İstanbul’da toplu ulaşım ücretlerine yüzde 40, su fiyatlarına ise yüzde 29 oranında zam yapıldı. Yeni zamlarla birlikte tam abonman ücreti 430 TL’den 602 TL’ye, öğrenci abonman ücreti 78 TL’den 109 TL’ye yükseltildi. Bu fatura karmaşık bir ulaşım ağına sahip İstanbul için zincirleme bir zam dalgası anlamına geliyor.
Büyükşehir Belediyesi’ne bağlı Ulaşım Koordinasyon Merkezi’nin (UKOME) gerçekleştirdiği olağanüstü toplantıda alınan ulaşım zammı kararının gerekçesi olarak artan maliyetler ile birlikte “kentte kamusal hizmetlerin sürdürülebilirliği ve ulaşım esnafının biraz nefes alması” gösterildi. Böylece ulaşım esnafının nefes alması bahanesi ile halkın nefesi biraz daha kısılmış oldu. Bir kere daha krizin ve artan maliyetlerin faturası yoksul halka ve emekçi sınıflara çıkarılmış oldu. Zira toplu ulaşımı işçiler ve yoksul halk kullanıyor. Toplu ulaşım çalışan kitlelerin ve yoksul halkın neredeyse tek erişim aracıdır. Doğal olarak toplu ulaşıma zam yapmak yoksul halkın ulaşım hakkına darbe vurmak demektir. Bu nedenle İBB’nin maliyet artışlarını gerekçe göstererek toplu ulaşıma zam yapması kabul edilemez, edilmemelidir.
Sarayın İBB’yi kilitlemek için her şeyi yaptığı bilinen bir gerçekliktir. Belediyenin düşmanlaştırıldığı, kaynaklarının ve yetkilerinin elinden alındığı, çalışamaz hale getirildiği de bir gerçekliktir. Fakat aynı zamanda yoksulluğun katlanılamaz hale geldiği, toplu ulaşımı yoksul halkın kullandığı, son ulaşım zamlarının halkın sırtına yeni bir yük getirdiği, nerdeyse evden çıkamaz hale getirdiği de bir gerçekliktir. Sarayın ekonomi politikalarına onun yöntemleri ile karşı çıkılamayacağı, kamu hizmetlerinin halka ücretsiz verilmesi gerektiği de bir gerçekliliktir. Bu noktada belediyenin yapması gereken ulaşıma zam yapmadığı için iktidarı eleştirmek değil, ulaşımın devlet tarafından sübvanse edilmesi için çağrı yapmak olmalıydı. İBB yöneticileri tam tersini yaparak zam isteyen yerde durmuş ve iktidar sözcülerini nerdeyse zamların yapılmasını engelleyen halk savunucuları konumuna getirmişlerdir. Yoksulluğun temel sorumlularının kendi günahlarını gizlemesine yardımcı olmuşlardır.
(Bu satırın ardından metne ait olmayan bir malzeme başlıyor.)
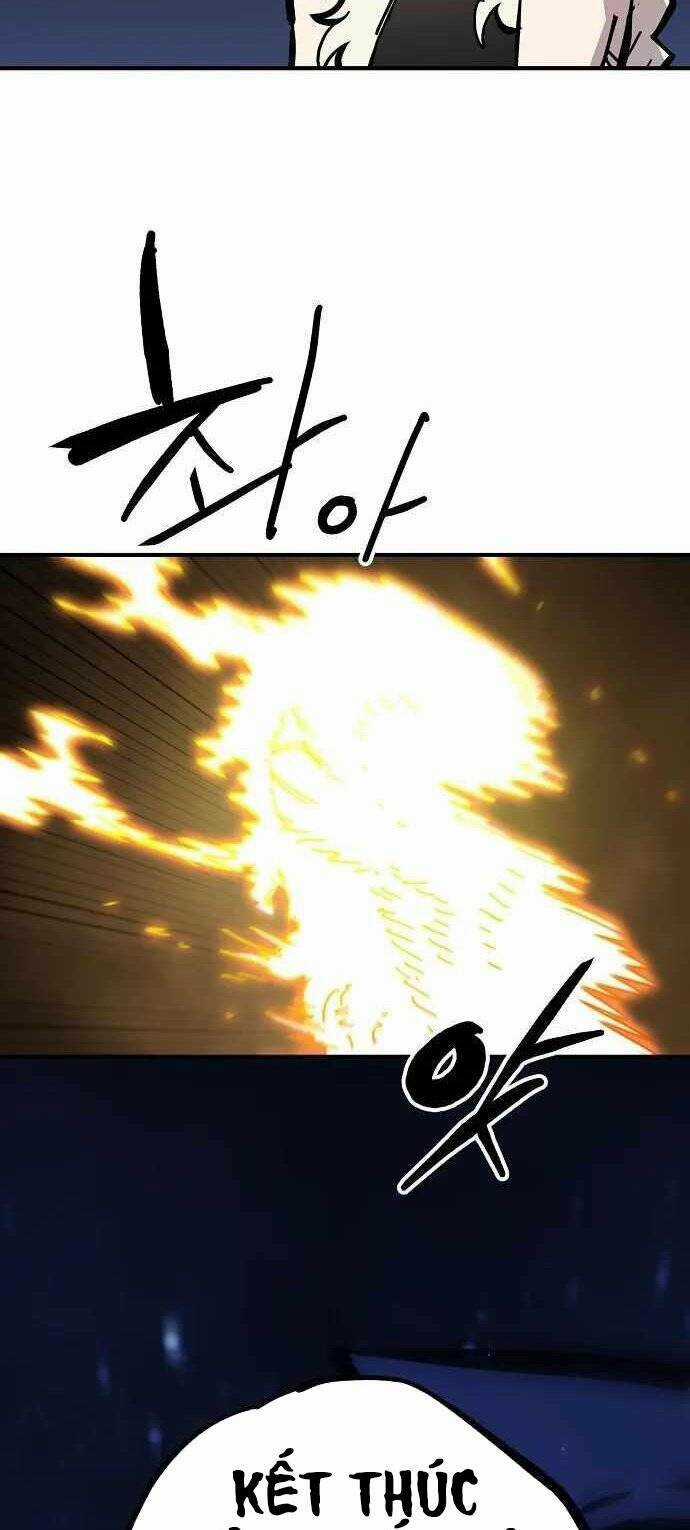 Player Chương 151 trang 51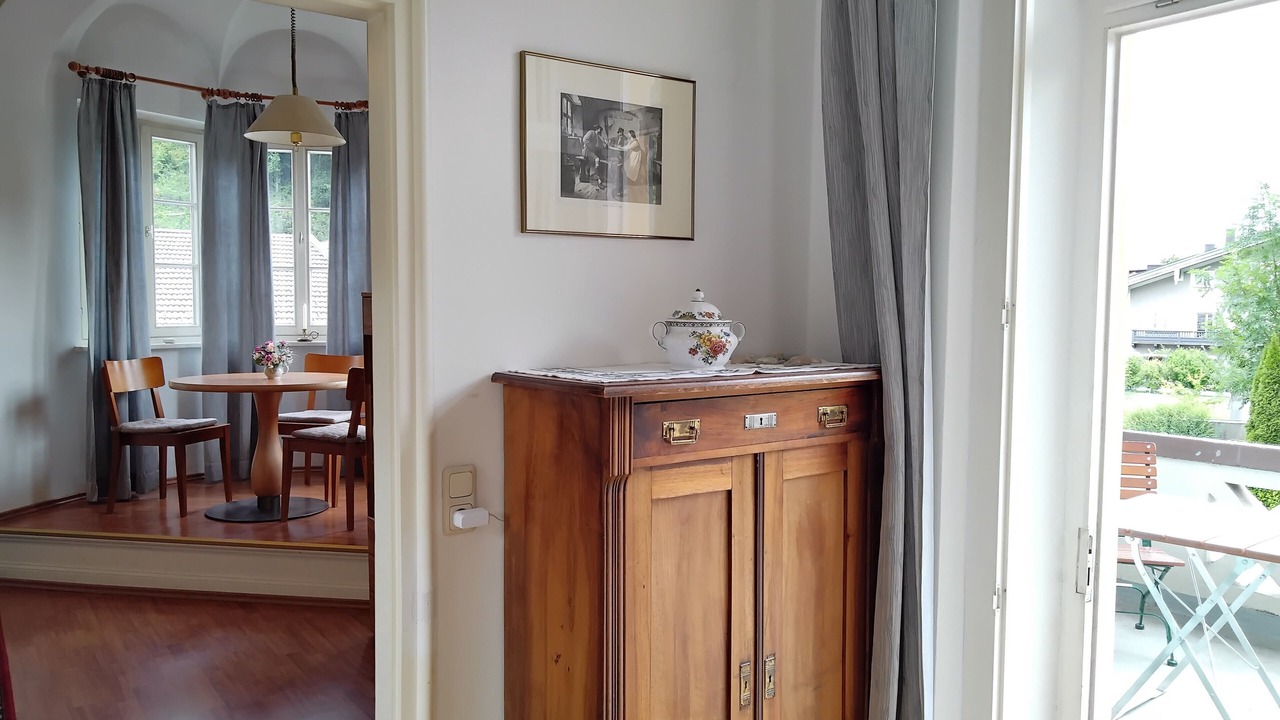 Photo of Others in Hohenaschau im Chiemgau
Kamunun özelleştirilmesi sermayenin sınıfsal bir tercihidir. 24 Ocak karalarından bu yana bu tercih sermayenin sağdan, soldan hükümetleri tarafından politik bir tercihe dönüştürülmüş ve uygulamaya konulmuştur. Sağlık, eğitim ve ulaşım başta olmak üzere tüm kamusal alanlar sermayeye açılmış, özelleştirme adı altında halkın birikimleri patronlara peşkeş çekilmiştir. Bu noktada İBB’nin maliyet artışları karşısında zam istemesi onu yönetenlerin sınıfsal yapısı ile uyumludur. İlginç zamanların ilginç özelliklerinden birisini halktan, çözüm için umudunu sermayenin bir renginden öbür rengine çevirmesinin istenmesidir.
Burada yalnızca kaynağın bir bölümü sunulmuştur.